I don't really have a lot of interest in audio anymore but a couple of things regarding low frequency and rooms. First, most of what you read about dipoles and cardioids is based on the assumption that the listening distance is at infinity and in free space. But what happens when you aren't far from a dipole or cardioid source. I looked at this some time ago here: http://musicanddesign.speakerdesign.net/Dipole-axis.html Of interest is that as the listening distance becomes less, the 6dB roll off stops at higher and higher frequency. This is because as you get closer the difference is SPL level from the front and rear sources differs and the front source becomes dominant. The closer you get, the higher the frequency where this happens. But again, this is a free space consideration.
In a room it makes much more sense to look at the modal response where each driver (or source) is consider separately with different position and phase. Again, I looked at this approach in the past here: http://musicanddesign.speakerdesign.net/Dipole_modesA.html
Lastly is the issue of crossing over between sources with different radiation patterns. The transition depends on the order and type of crossover. That can be explained here: http://musicanddesign.speakerdesign.net/craw_cross.html But again this is basically a free space consideration for low frequency crossovers (woofer to subwoofer).
Just though these references might be helpful. Ignore the math. Look at the figures and associated text.
In a room it makes much more sense to look at the modal response where each driver (or source) is consider separately with different position and phase. Again, I looked at this approach in the past here: http://musicanddesign.speakerdesign.net/Dipole_modesA.html
Lastly is the issue of crossing over between sources with different radiation patterns. The transition depends on the order and type of crossover. That can be explained here: http://musicanddesign.speakerdesign.net/craw_cross.html But again this is basically a free space consideration for low frequency crossovers (woofer to subwoofer).
Just though these references might be helpful. Ignore the math. Look at the figures and associated text.
One question- with u -frames the quarter freq is noted as a concern due to resonances. Doesn't this issue become less of a concern if the walls of the u-frame are not parallel? That is, if the u-frame flares towards the rear with non-parallel sides, resonances do not form at the usual 1/4 wavelength?

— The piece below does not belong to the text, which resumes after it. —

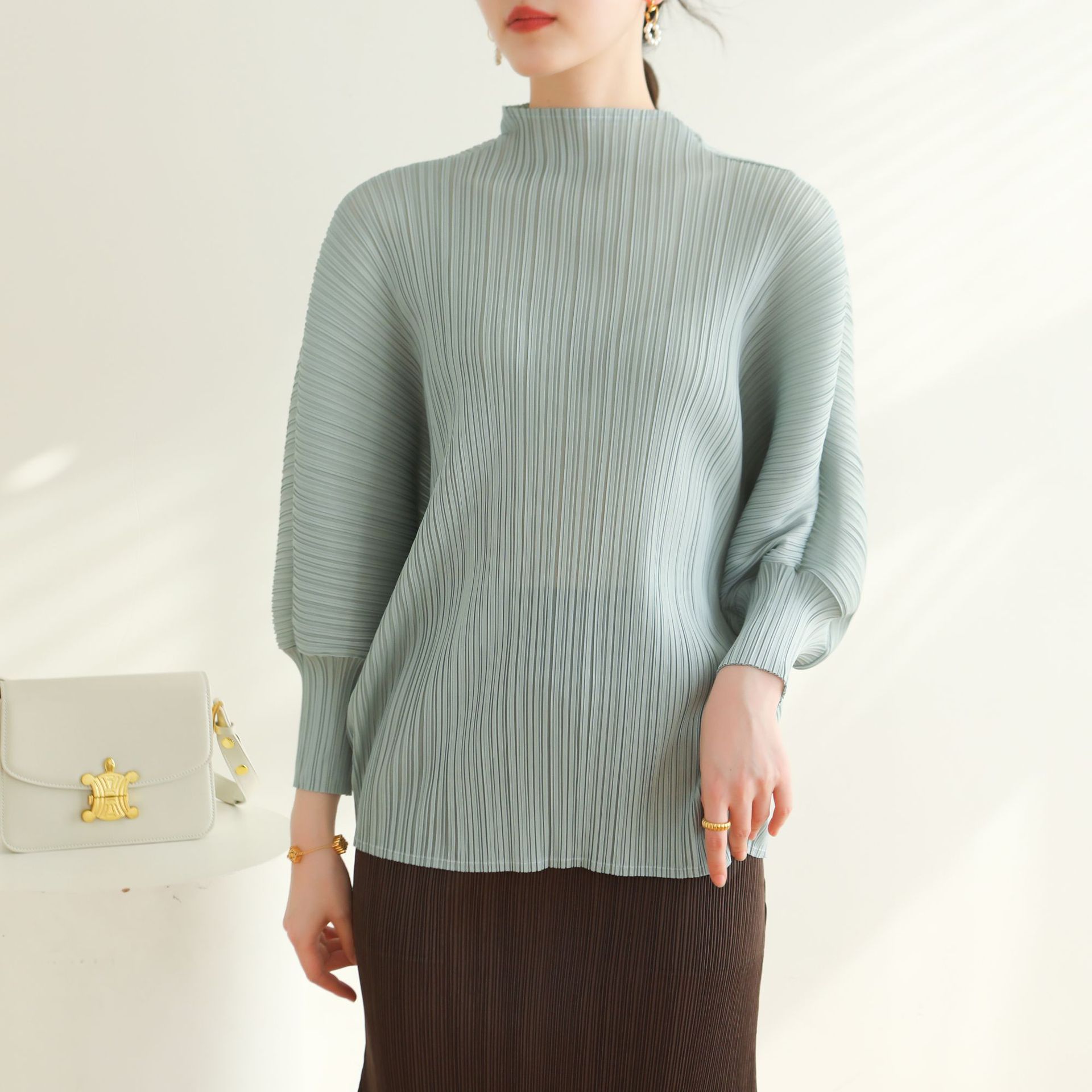 release, Issey Miyake-inspired high-end pleated slimming top with half-high collar, casual and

+1 on this. I have also created some two-monopole models of dipole sources that take into account the difference distances to front and rear sources and found the same thing. For a fixed listening distance this effect is more pronounced as the baffle becomes larger. But this also causes a problem in that the bass response is somewhat position dependent, assuming in the listening space you can move between "near" and "far". For example my home is open plan, and there is a notable difference in the relative bass level between the listening position and when I am 40 feet away. To mitigate this I reduce the size of the front-to-back pathlength (make the baffle smaller) but that also reduces the low bass capability. Combined with the 8x per octave displacement rule, this suggests that a monopole type subwoofer crossed over at 60Hz (or as low as possible) to a modestly sized dipole panel will work well, and I have found this to be the case.